Working with continuous data requires a fundamental shift in thinking from counting discrete outcomes to measuring areas under curves. For any aspiring data scientist or statistician, mastering the probability density function (PDF) and the cumulative distribution function (CDF) is non-negotiable. These are the core mathematical tools that allow you to model, analyze, and make probabilistic predictions about everything from customer wait times to stock price fluctuations.

The Probability Density Function: Modeling Likelihood as Density

For a continuous random variable $X$ , you cannot ask for the probability that $X$ equals a specific value, like $P (X = 5.000...)$ . In a continuous space, this probability is effectively zero. Instead, we model likelihood using a probability density function (PDF), denoted $f_{X} (x)$ . The PDF is a function whose output represents density, not probability.

Think of density as similar to mass per unit volume. To find the actual mass (probability), you need to integrate the density over a volume (interval). This leads to the most critical rule: The probability that $X$ falls in an interval $[a, b]$ is the area under the PDF curve over that interval.

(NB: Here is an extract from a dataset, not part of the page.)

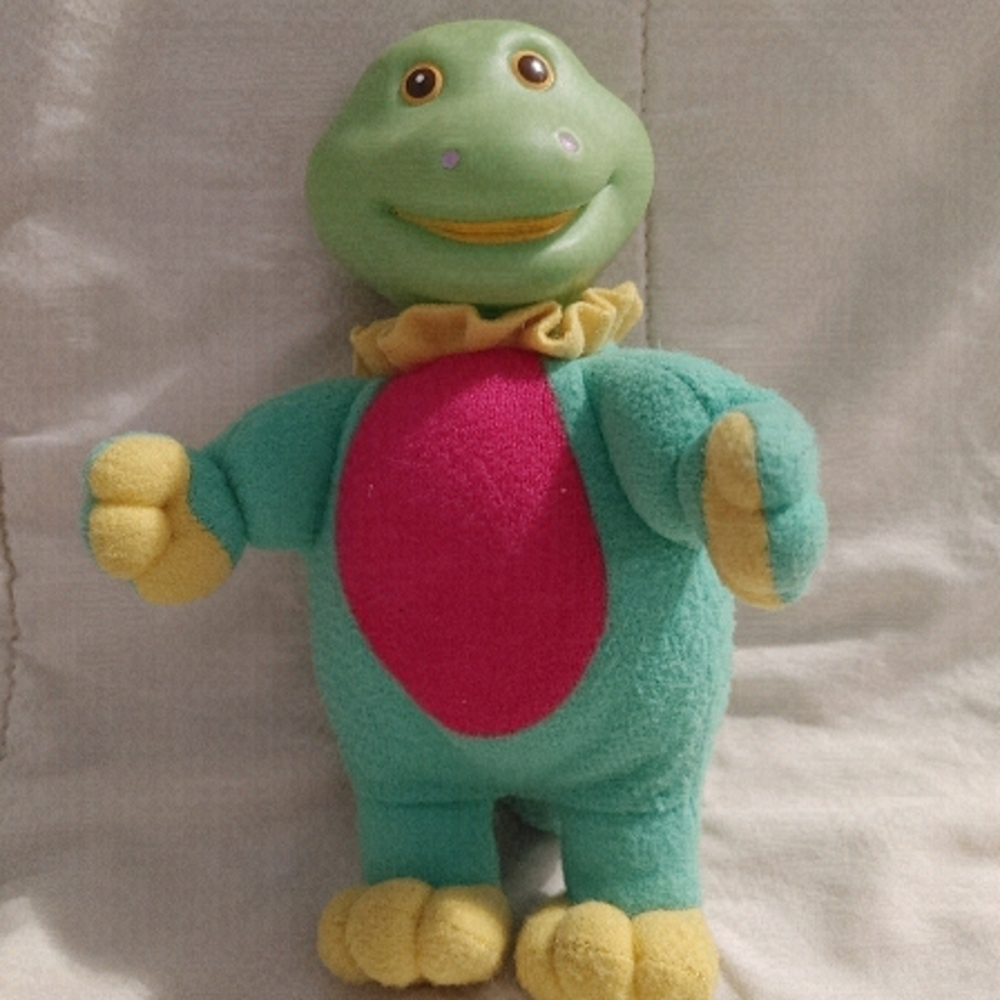 𝅺soma Barney lookalike 1990s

$P (a \leq X \leq b) = \int_{a}^{b} f_{X} (x) d x$

The PDF itself has two defining properties that stem from this area interpretation. First, it is non-negative everywhere: $f_{X} (x) \geq 0$ for all $x$ . A negative density would imply a negative probability, which is impossible. Second, the total area under the entire PDF curve must equal 1, representing the certainty that $X$ takes on some value: $\int_{- \infty}^{\infty} f_{X} (x) d x = 1$ .

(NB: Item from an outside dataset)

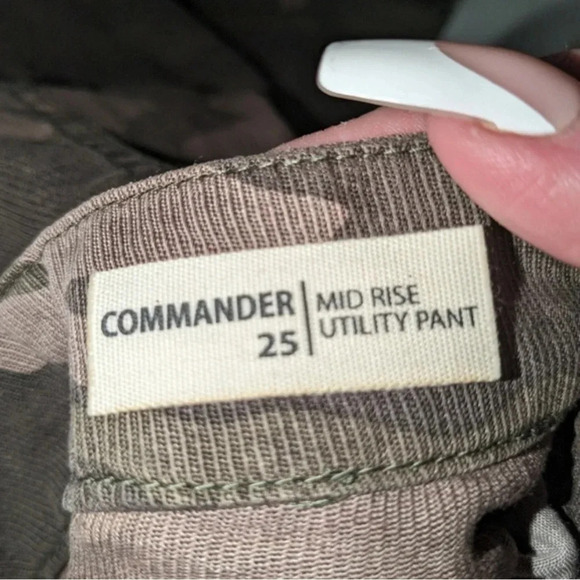 David Bitton Commander Buffalo Mid Rise Utility jogger camouflage  size 25 - Picture 7 of 16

For example, consider a random variable $T$ modeling the time (in hours) until a server fails, with a PDF given by $f_{T} (t) = 0.5 e^{- 0.5 t}$ for $t \geq 0$ . This is an exponential distribution. The probability the server fails between 1 and 3 hours is calculated as an area: $P (1 < T < 3) = \int_{1}^{3} 0.5 e^{- 0.5 t} d t = e^{- 0.5} - e^{- 1.5} \approx 0.383.$

The Cumulative Distribution Function: Accumulating Probability

While the PDF gives a "snapshot" of density, the cumulative distribution function (CDF) provides a running total of probability. Denoted $F_{X} (x)$ , the CDF is defined as the probability that the random variable $X$ is less than or equal to a specific value $x$ : $F_{X} (x) = P (X \leq x) .$

For a continuous variable, this is precisely the area under the PDF from negative infinity up to $x$ : $F_{X} (x) = \int_{- \infty}^{x} f_{X} (t) d t .$

The CDF is a powerful tool for probability calculations. To find $P (a < X \leq b)$ , you can simply subtract CDF values: $P (a < X \leq b) = F_{X} (b) - F_{X} (a) .$

The CDF has characteristic properties: it is a non-decreasing function that starts at 0 and approaches 1. Formally, $lim_{x \to - \infty} F_{X} (x) = 0$ and $lim_{x \to \infty} F_{X} (x) = 1$ . Furthermore, because $X$ is continuous, $P (X \leq x) = P (X < x)$ , so the CDF is a continuous function.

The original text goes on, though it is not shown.